The inverse form of the hyperbolic tangent function is called the inverse hyperbolic tangent function.
$\large \tanh^{-1}{x} \,=\, \dfrac{1}{2} \, \log_{e}{\Bigg(\dfrac{1+x}{1-x}\Bigg)}$
The hyperbolic tangent function is defined in mathematics as the ratio of subtraction to summation of negative and positive natural exponential functions. The inverse form of the hyperbolic tangent function is in logarithmic function form and it can be derived from the hyperbolic tangent function in mathematics.
$x$ and $y$ are two literals. The value of $x$ is equal to the hyperbolic tangent of $y$.
$x = \tanh{y}$
Therefore, the value of $y$ is equal to the inverse hyperbolic tangent of $x$.
$y = \tanh^{-1}{x}$
So, the relation between them can be written in mathematics as follows.
$x = \tanh{y} \,\,\Leftrightarrow \,\, y = \tanh^{-1}{x}$
Express hyperbolic tangent of $y$ in terms of natural exponential functions.
$x = \dfrac{e^y-e^{-y}}{e^y+e^{-y}}$
Simplify the exponential algebraic equation to express the equation in terms of $x$ and also to eliminate the $y$ from the equation.

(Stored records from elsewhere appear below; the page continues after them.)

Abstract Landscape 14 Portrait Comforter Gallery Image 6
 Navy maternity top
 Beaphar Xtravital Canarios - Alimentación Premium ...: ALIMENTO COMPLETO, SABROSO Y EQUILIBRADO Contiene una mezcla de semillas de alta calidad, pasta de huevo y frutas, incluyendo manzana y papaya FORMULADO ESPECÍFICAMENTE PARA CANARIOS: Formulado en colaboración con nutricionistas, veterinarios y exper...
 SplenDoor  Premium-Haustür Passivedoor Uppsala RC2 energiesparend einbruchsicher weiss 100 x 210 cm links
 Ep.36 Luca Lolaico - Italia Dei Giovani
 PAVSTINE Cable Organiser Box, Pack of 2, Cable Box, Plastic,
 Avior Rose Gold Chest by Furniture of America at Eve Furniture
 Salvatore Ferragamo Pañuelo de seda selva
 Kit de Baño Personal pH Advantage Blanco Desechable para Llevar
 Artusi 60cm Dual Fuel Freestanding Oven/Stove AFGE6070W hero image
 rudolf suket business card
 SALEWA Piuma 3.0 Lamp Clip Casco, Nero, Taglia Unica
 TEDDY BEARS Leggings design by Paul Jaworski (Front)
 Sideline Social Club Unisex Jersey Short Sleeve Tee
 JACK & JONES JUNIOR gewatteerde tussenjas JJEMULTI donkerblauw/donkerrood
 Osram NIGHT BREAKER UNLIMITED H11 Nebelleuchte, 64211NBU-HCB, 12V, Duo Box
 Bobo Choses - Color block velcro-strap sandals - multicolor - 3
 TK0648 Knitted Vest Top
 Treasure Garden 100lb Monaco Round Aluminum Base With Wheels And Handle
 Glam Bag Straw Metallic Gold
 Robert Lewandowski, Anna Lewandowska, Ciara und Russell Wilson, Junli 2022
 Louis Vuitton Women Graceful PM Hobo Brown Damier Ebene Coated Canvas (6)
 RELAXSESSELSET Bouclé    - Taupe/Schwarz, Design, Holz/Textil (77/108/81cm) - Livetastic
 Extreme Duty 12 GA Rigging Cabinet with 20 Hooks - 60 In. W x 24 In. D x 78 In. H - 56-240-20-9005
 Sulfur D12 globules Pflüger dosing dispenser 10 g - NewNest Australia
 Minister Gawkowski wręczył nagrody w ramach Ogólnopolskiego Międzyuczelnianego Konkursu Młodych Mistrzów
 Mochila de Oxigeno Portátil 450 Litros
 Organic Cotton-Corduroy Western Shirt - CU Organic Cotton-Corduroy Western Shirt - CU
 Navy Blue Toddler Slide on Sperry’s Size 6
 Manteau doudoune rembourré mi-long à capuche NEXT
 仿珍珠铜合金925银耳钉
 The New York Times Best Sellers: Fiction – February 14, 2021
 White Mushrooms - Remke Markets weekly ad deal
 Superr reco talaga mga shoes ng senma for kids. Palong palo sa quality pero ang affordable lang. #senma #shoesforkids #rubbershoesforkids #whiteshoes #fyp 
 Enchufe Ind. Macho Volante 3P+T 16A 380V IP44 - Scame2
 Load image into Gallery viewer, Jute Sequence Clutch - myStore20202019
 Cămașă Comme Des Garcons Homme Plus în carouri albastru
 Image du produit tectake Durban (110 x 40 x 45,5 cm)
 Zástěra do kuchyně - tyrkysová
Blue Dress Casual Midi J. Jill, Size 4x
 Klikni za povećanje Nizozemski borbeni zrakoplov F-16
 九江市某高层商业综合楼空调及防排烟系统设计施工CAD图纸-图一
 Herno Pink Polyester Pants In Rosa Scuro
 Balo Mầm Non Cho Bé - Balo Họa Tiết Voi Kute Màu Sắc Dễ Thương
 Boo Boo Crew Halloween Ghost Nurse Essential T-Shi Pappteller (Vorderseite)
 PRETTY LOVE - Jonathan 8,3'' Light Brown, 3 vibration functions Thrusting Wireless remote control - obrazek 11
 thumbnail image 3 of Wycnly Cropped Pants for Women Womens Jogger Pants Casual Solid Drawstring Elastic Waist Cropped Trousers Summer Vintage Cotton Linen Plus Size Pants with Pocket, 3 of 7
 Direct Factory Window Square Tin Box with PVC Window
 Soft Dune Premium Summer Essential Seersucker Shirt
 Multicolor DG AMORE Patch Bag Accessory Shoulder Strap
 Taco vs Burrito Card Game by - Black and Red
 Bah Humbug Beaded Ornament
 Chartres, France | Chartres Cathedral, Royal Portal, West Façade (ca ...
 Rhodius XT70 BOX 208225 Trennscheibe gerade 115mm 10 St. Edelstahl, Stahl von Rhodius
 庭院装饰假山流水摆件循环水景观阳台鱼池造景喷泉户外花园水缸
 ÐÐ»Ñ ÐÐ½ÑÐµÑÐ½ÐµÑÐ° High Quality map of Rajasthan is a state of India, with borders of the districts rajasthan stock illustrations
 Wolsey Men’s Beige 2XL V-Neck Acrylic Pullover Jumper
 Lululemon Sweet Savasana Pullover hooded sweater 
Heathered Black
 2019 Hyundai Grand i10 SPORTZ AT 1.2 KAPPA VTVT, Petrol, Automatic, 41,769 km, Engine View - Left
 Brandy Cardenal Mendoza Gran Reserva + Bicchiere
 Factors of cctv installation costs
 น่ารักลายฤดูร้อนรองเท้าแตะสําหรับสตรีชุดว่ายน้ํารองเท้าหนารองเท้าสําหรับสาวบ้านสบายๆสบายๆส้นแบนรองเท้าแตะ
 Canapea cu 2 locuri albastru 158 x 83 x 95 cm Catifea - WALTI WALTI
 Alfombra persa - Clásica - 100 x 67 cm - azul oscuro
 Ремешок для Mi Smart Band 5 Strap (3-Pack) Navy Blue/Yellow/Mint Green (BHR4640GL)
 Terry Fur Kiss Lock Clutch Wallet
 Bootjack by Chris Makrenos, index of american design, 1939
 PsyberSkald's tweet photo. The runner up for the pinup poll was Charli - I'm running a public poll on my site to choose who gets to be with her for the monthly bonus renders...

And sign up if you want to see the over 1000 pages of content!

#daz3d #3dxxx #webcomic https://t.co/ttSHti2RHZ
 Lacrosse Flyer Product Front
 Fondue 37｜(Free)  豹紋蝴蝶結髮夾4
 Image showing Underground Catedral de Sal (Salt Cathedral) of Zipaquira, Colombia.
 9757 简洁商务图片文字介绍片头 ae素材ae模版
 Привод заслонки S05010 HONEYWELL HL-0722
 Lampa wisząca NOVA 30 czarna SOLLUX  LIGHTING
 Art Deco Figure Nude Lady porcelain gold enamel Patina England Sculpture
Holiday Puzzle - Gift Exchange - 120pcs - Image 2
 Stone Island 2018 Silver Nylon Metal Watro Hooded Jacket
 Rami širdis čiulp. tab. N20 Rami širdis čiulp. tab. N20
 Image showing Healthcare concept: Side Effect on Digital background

$\implies$ $x(e^y+e^{-y}) = e^y-e^{-y}$
$\implies$ $xe^y+xe^{-y} = e^y-e^{-y}$
$\implies$ $0 = e^y-e^{-y}-xe^y-xe^{-y}$
$\implies$ $e^y-e^{-y}-xe^y-xe^{-y} = 0$
$\implies$ $e^y-xe^y-e^{-y}-xe^{-y} = 0$
$\implies$ $(1-x)e^y-(1+x)e^{-y} = 0$
$\implies$ $(1-x)e^y = (1+x)e^{-y}$
$\implies$ $(1-x)e^y = \dfrac{1+x}{e^y}$
$\implies$ $(1-x)e^y \times e^y = 1+x$
$\implies$ $(1-x)e^{2y} = 1+x$
$\implies$ $e^{2y} = \dfrac{1+x}{1-x}$
Eliminate $y$ from this algebraic exponential equation. It is possible by applying natural logarithm both sides of the equation.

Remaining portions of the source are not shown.